Elle dira à sa fille ainée en guise de testament quelque chose comme « Le plus important dans la vie, c’est la gentillesse pour les autres, la bienveillance ».
Et elle en a fait preuve à l’égard de son mari qui a vécu sa bisexualité à une époque qui n’osait pas même l’imaginer.
Bradley Cooper est un immense acteur et un metteur en scène de toute première classe. A Star is Born avait donné déjà la mesure de ses talents. Ici il a atteint un sommet rarement égalé, époustouflant. Et la comédienne Carey Mulligan construit très finement son personnage à côté de son typhon de mari.
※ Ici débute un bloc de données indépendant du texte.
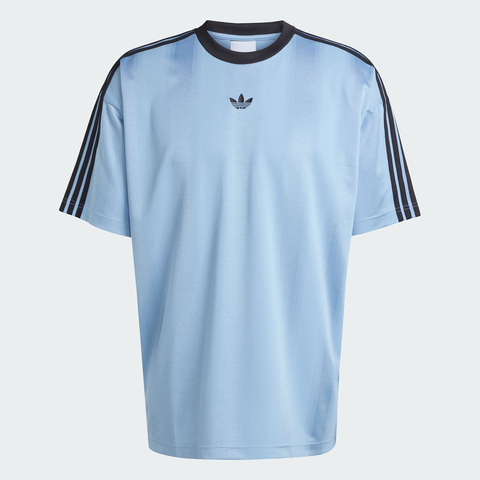 adidas Originals阿迪三叶草2025男子JACQUARD JERSEY针织无领短TJW5879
Une très grande comédienne au mieux de sa forme pour défendre un rôle riche et complexe.
Il n’est pas indifférent de lire au générique que Spielberg et Scorsese sont liés au financement du film, mais pas seulement : ils ont eu envie de le réaliser !
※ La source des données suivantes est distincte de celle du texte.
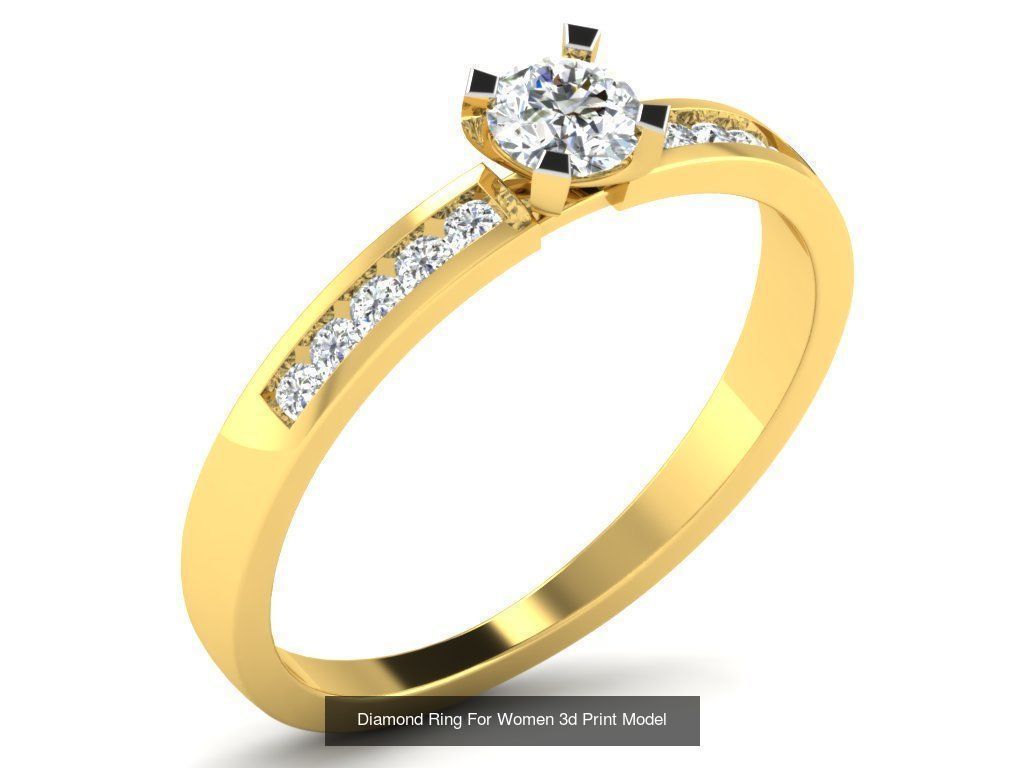 Diamond Rings Collection For Women 3d Print Model _78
Et je gage qu’ils n’auront pas été déçu de le voir.
The Zone of Interest de Jonathan Glazer
Rarement film m’aura paru plus intéressant !
Par l’intensité émotionnelle singulière qu’il suscite, de façon bouleversante.
Par la qualité formelle très maîtrisée qui donne aux propos du film une dignité, une noblesse ô combien nécessaire pour que la barbarie la plus abjecte soit stigmatisée comme rarement, sans recourir à des images chocs, simplistes ou sophistiquées.
Par l’originalité du scénario inspiré de faits réels.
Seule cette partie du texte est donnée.